▶ Task:
In the data below, find the line containing "Today's lesson is" and the line containing "Hi, this is", then reproduce them and every line between, exactly. Omit pictures.

▶ Source data:
.....
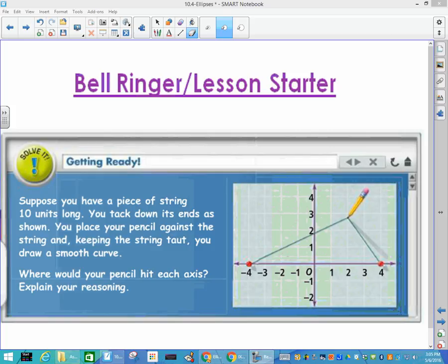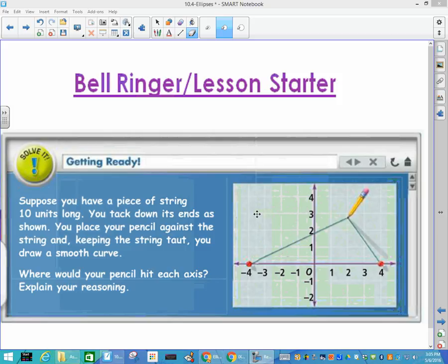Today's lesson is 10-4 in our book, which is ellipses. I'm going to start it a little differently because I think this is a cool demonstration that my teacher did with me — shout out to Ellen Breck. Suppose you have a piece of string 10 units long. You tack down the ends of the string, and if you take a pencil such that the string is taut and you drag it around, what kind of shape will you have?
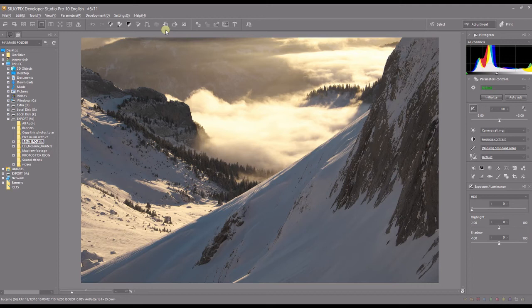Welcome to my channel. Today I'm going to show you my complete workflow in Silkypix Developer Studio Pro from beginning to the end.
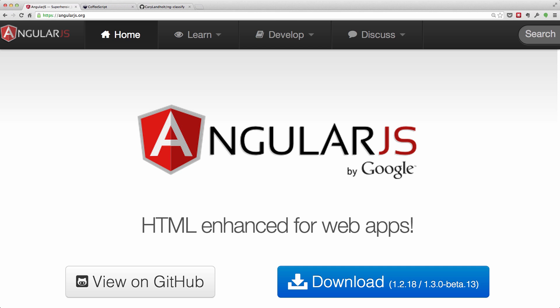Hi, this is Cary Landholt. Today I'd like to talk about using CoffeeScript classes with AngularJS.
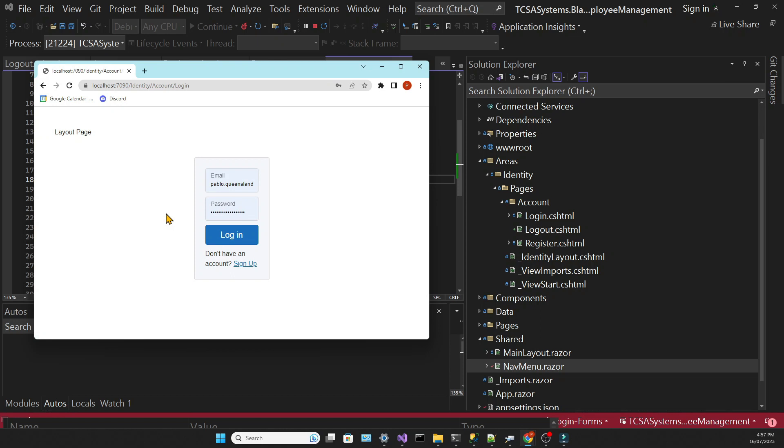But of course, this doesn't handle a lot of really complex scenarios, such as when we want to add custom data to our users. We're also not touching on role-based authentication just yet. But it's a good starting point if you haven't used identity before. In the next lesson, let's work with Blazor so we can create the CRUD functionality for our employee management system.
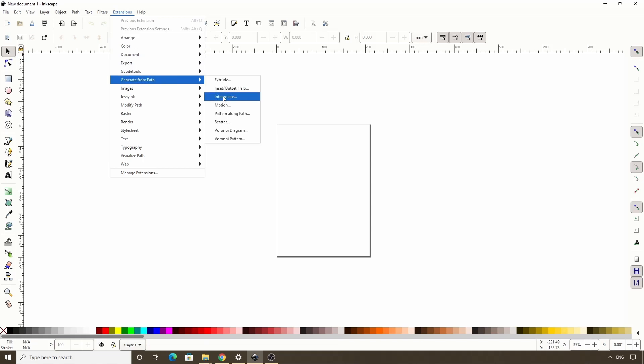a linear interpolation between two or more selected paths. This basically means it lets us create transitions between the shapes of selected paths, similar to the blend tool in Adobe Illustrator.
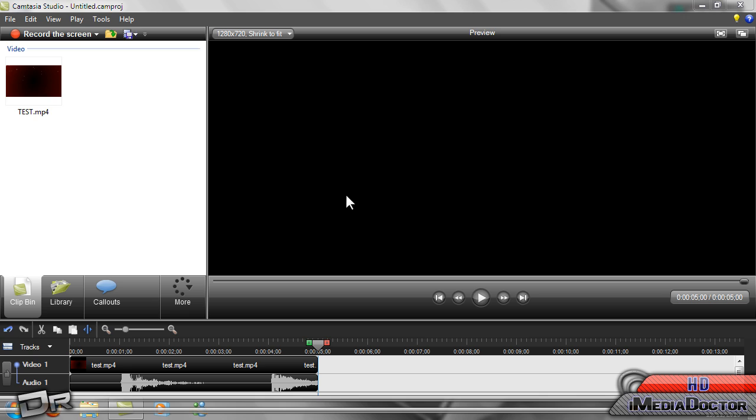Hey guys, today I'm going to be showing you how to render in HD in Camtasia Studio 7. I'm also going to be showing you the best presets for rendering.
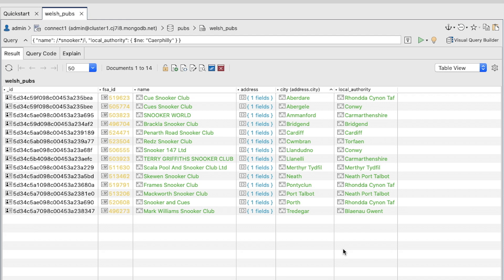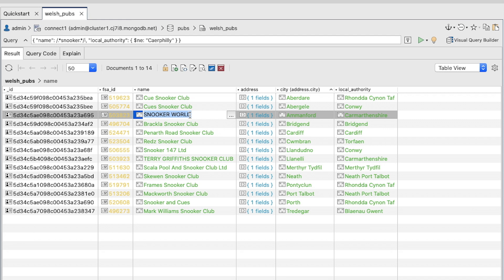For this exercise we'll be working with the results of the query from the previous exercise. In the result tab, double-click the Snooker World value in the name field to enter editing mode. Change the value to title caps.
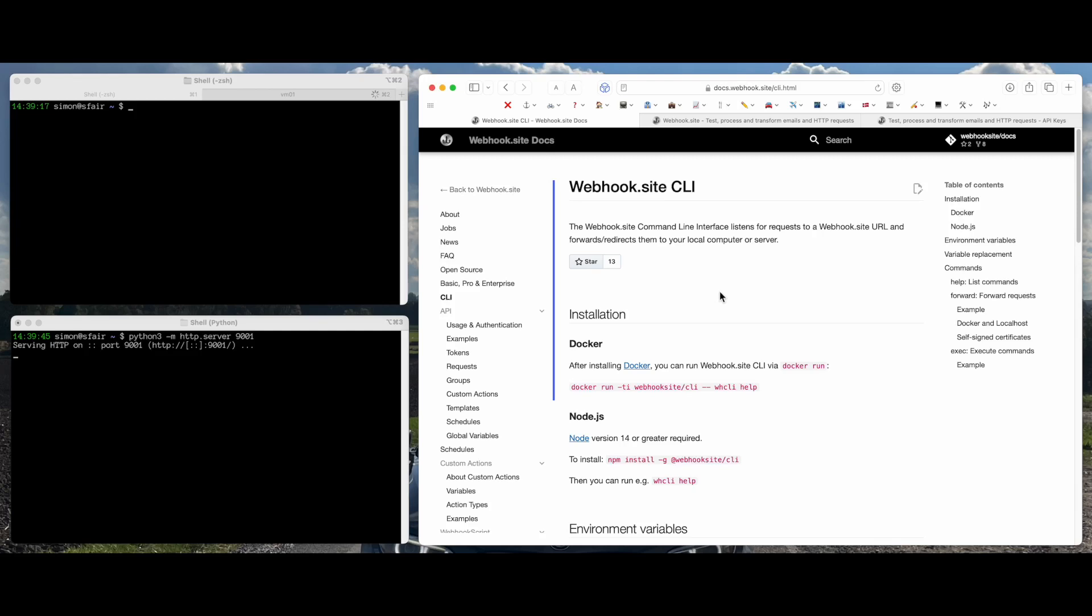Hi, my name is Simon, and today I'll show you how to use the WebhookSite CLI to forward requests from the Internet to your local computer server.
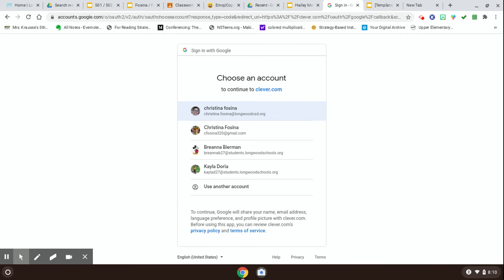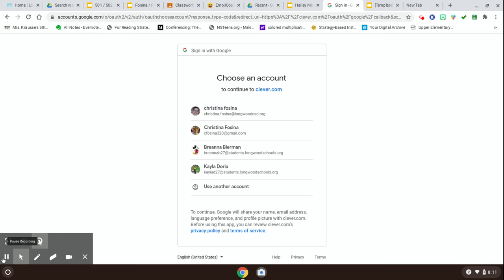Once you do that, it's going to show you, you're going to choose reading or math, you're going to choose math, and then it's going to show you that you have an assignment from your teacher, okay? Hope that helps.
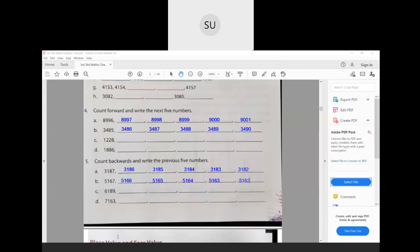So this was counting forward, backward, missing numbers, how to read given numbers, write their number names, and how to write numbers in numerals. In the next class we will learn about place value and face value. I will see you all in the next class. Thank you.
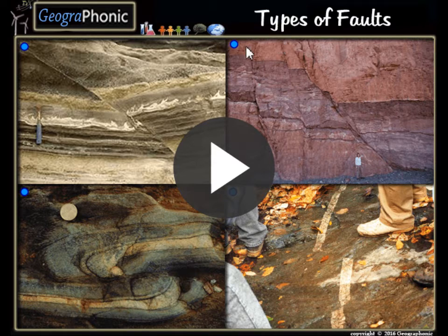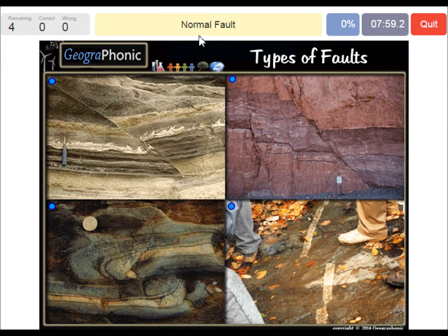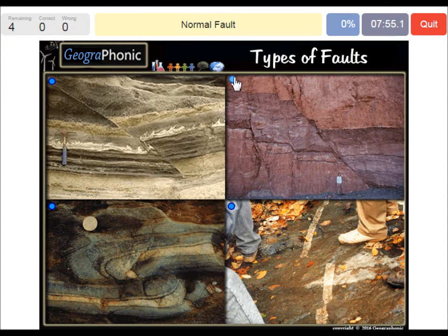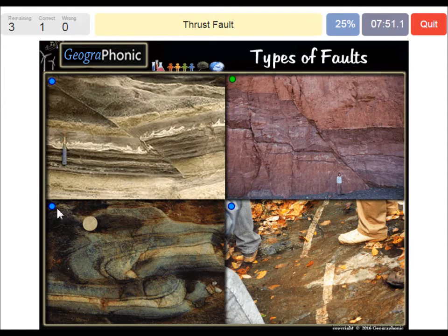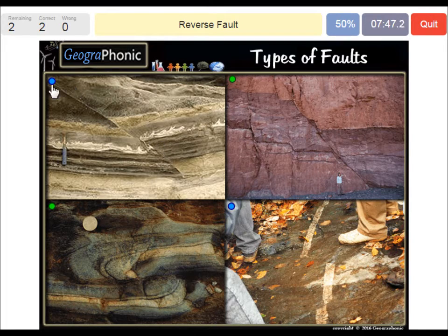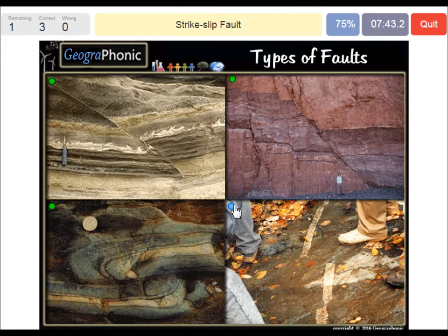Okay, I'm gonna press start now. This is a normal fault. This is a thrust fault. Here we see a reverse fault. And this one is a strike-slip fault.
.....
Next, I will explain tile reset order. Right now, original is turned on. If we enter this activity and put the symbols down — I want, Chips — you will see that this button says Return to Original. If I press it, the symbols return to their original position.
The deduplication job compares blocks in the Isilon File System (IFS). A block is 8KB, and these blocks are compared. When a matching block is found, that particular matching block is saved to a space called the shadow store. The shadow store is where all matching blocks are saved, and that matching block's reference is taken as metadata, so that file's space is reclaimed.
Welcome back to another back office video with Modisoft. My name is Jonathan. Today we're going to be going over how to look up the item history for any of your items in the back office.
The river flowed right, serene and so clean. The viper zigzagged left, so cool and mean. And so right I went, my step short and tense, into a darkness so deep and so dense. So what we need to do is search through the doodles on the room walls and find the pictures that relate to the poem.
.....
▶ Response to this task:
Today's lesson is 10-4 in our book, which is ellipses. I'm going to start it a little differently because I think this is a cool demonstration that my teacher did with me — shout out to Ellen Breck. Suppose you have a piece of string 10 units long. You tack down the ends of the string, and if you take a pencil such that the string is taut and you drag it around, what kind of shape will you have?
Welcome to my channel. Today I'm going to show you my complete workflow in Silkypix Developer Studio Pro from beginning to the end.
Hi, this is Cary Landholt. Today I'd like to talk about using CoffeeScript classes with AngularJS.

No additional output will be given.